→ Source data:
------------------------------------
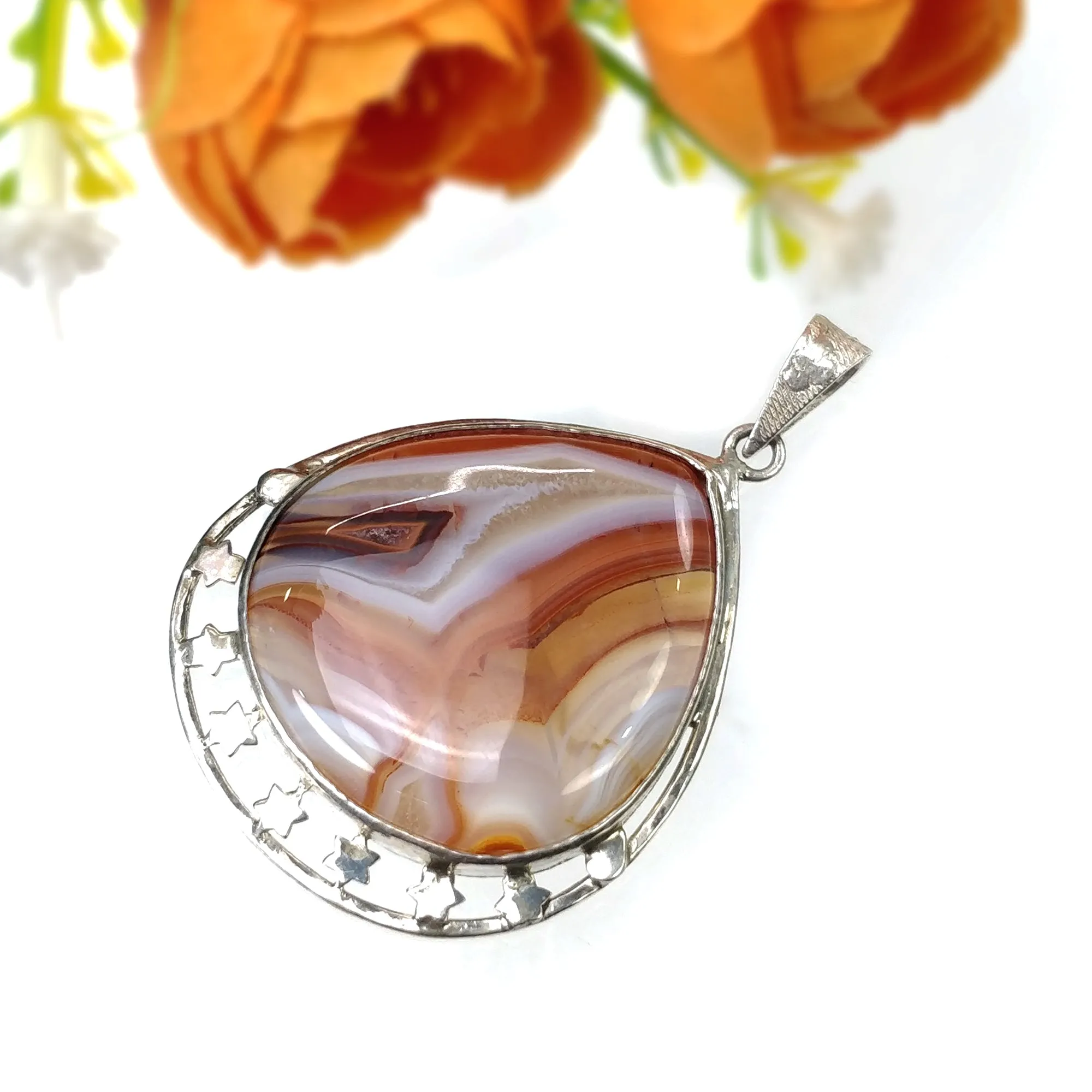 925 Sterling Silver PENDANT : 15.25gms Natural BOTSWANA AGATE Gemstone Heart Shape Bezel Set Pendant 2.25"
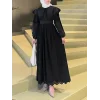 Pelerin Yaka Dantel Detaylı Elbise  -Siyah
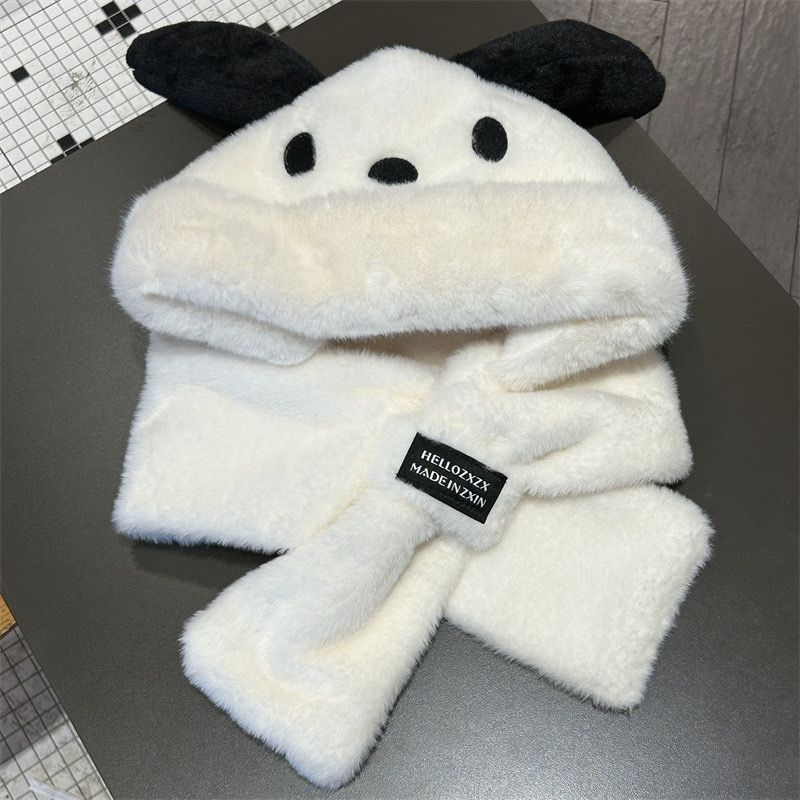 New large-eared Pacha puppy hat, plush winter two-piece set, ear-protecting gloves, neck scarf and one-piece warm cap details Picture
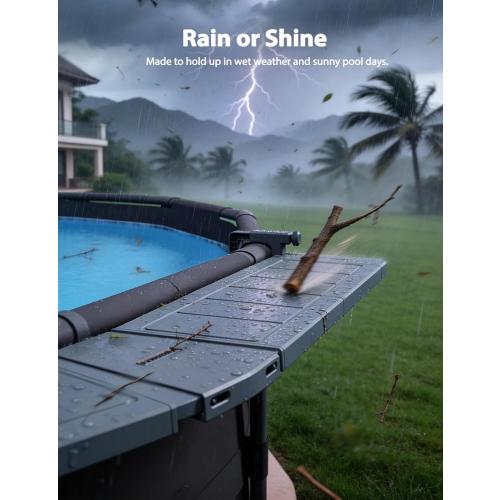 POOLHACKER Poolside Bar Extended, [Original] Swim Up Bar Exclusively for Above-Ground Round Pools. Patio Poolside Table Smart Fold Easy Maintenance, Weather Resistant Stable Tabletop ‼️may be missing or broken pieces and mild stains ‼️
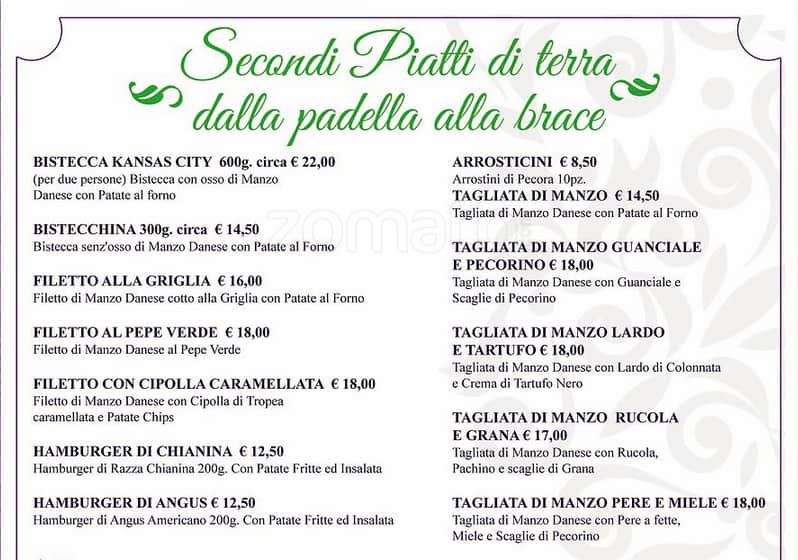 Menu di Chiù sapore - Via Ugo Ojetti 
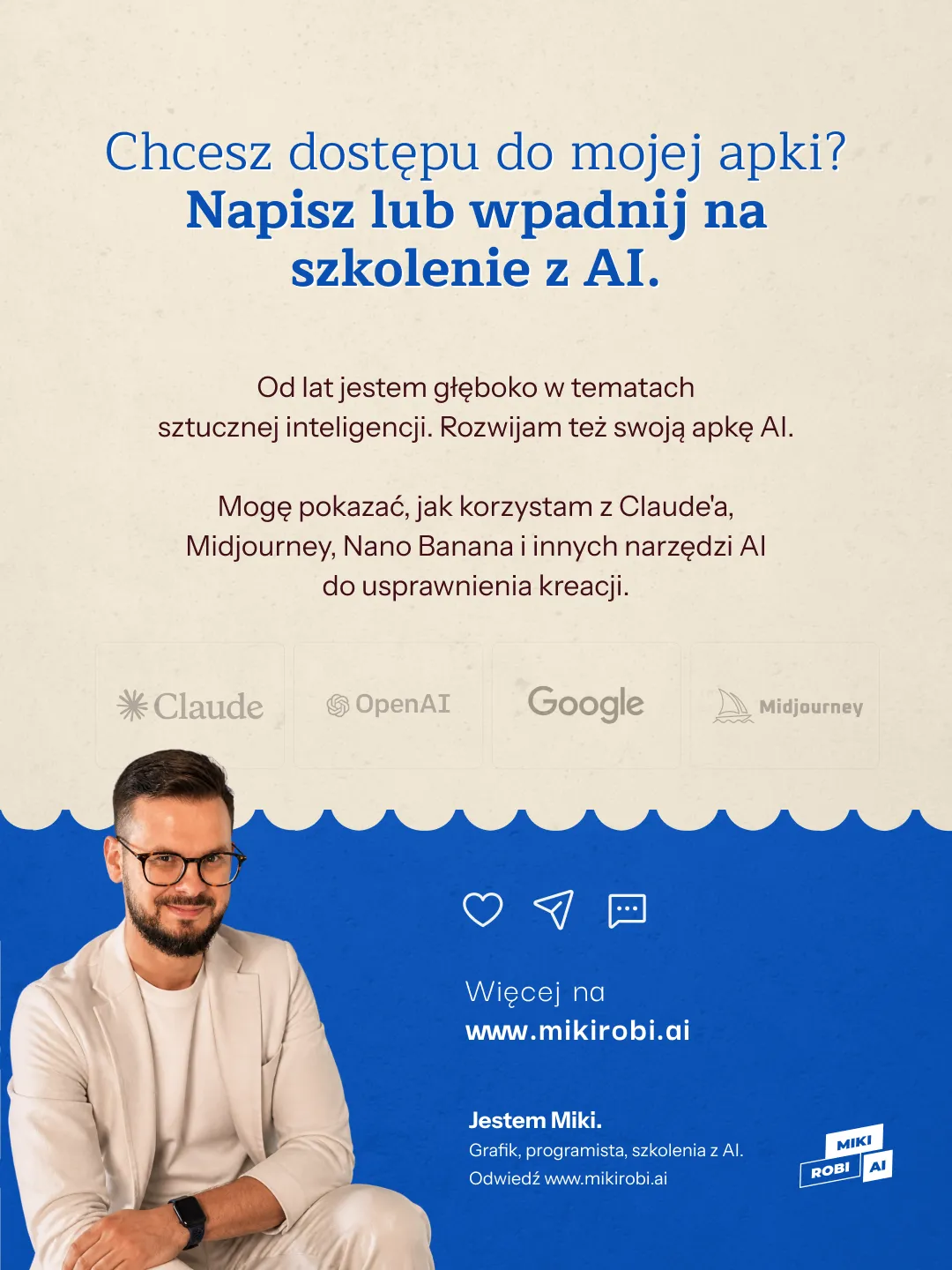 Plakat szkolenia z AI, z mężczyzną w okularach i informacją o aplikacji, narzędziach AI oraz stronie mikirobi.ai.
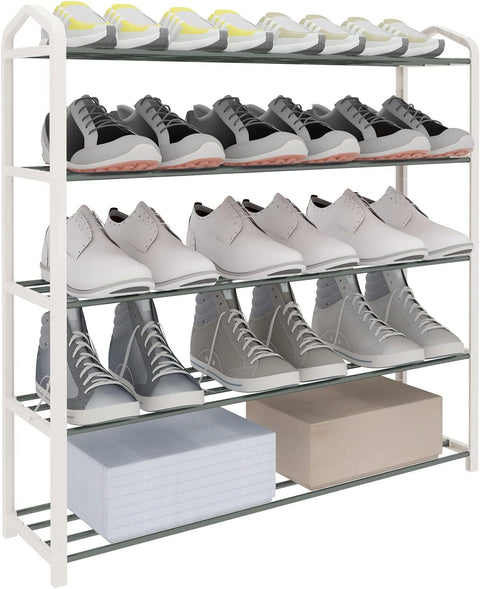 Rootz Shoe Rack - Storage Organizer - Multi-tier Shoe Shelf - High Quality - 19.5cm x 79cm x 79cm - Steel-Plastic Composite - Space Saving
------------------------------------
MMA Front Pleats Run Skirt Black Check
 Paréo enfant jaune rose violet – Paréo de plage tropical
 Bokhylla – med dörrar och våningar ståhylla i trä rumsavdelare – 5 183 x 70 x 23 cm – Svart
------------------------------------
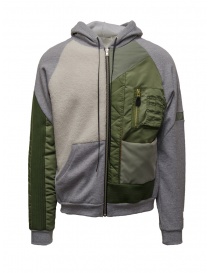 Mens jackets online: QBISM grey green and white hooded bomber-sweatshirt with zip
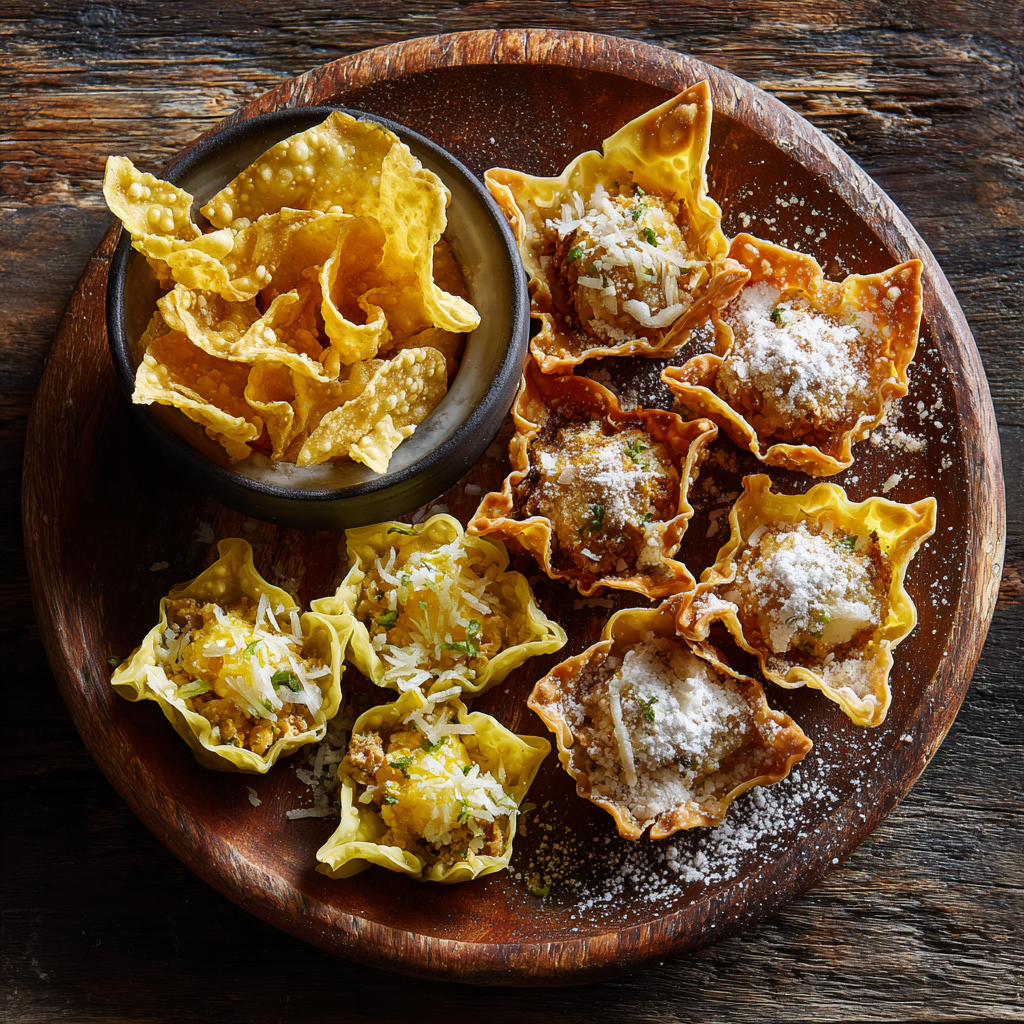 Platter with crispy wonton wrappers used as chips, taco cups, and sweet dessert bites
------------------------------------
→ Exercise goal:
What are the lines in the records above, word for word, from the one containing "Mens jackets online: QBISM" through the one containing "Platter with crispy", both ends included and pictures left out?

→ Response for this exercise:
 Mens jackets online: QBISM grey green and white hooded bomber-sweatshirt with zip
 Platter with crispy wonton wrappers used as chips, taco cups, and sweet dessert bites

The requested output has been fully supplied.